Sunday, January 8, 2012

Regular Employment

The appellate court's premise that regular employees are those who perform activities which are desirable and necessary for the business of the employer is not determinative in this case. In fact, any agreement may provide that one party shall render services for and in behalf of another, no matter how necessary for the latter's business, even without being hired as an employee. Hence, respondent's length of service and petitioner's repeated act of assigning respondent some tasks to be performed did not result to respondent's entitlement to the rights and privileges of a regular employee.

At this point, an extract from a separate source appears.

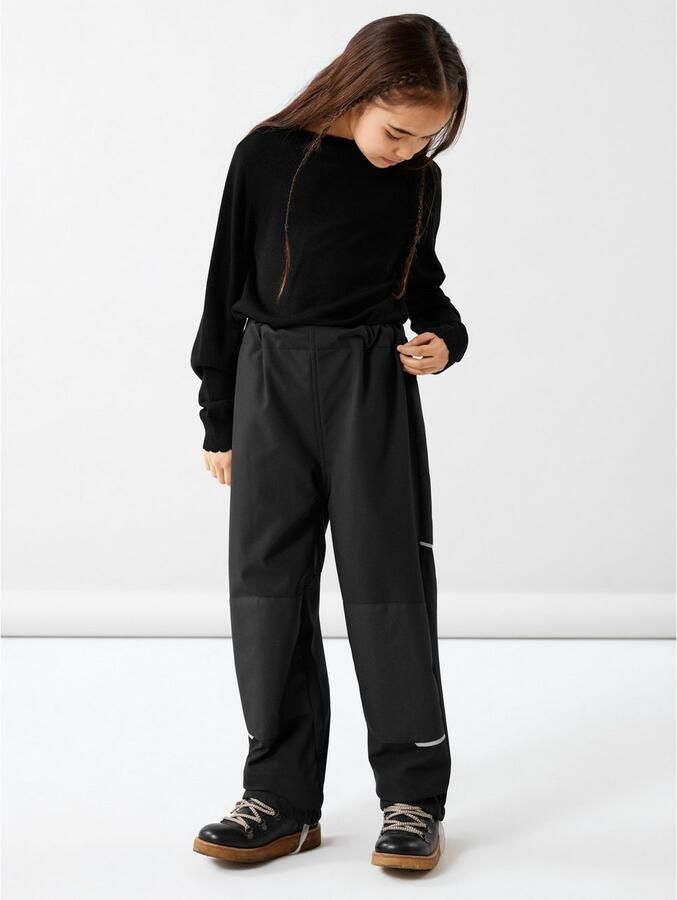 Name It Regenbroek NKNALFA PANT SOLID NOOS - Foto 3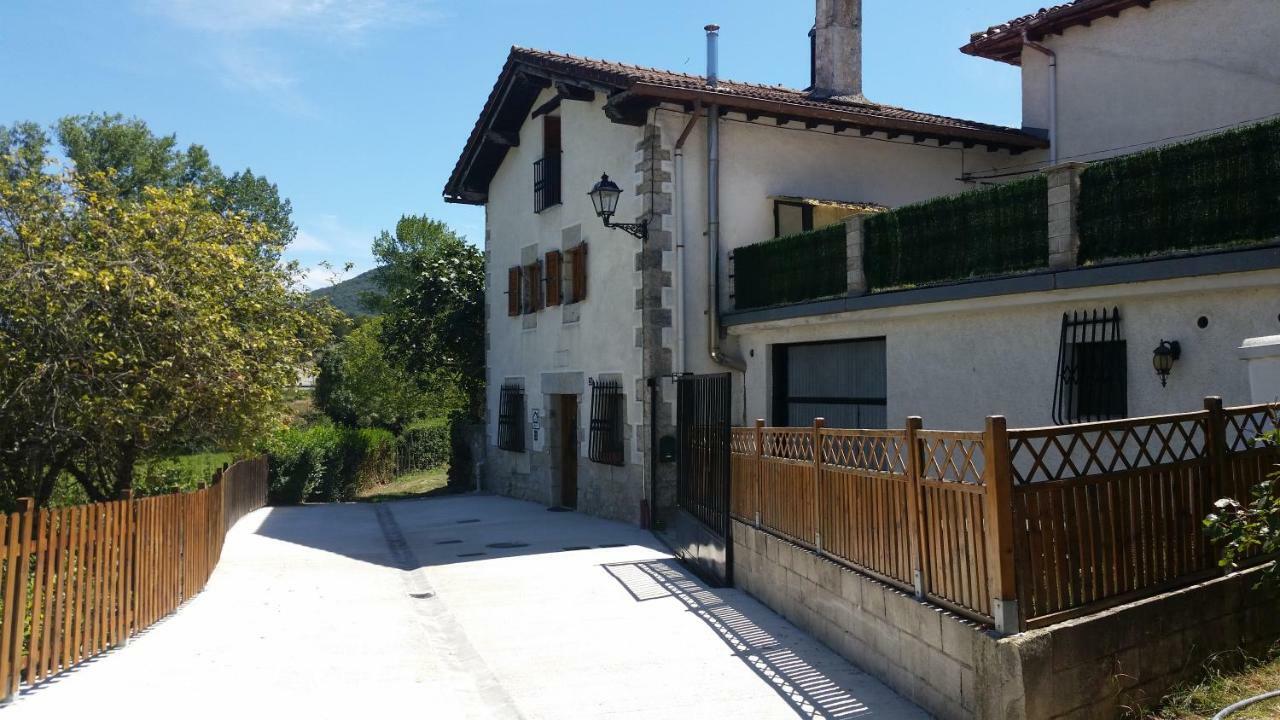 Сasa de vacaciones Zubiarena Satrustegui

Furthermore, despite the fact that petitioner made use of the services of respondent for eleven years, he still cannot be considered as a regular employee of petitioner. Article 280 of the Labor Code, in which the lower court used to buttress its findings that respondent became a regular employee of the petitioner, is not applicable in the case at bar. Indeed, the Court has ruled that said provision is not the yardstick for determining the existence of an employment relationship because it merely distinguishes between two kinds of employees, i.e., regular employees and casual employees, for purposes of determining the right of an employee to certain benefits, to join or form a union, or to security of tenure; it does not apply where the existence of an employment relationship is in dispute (Atok Big Wedge Company, Inc. Vs. Jesus P. Gison, G.R. No. 169510. August 8, 2011).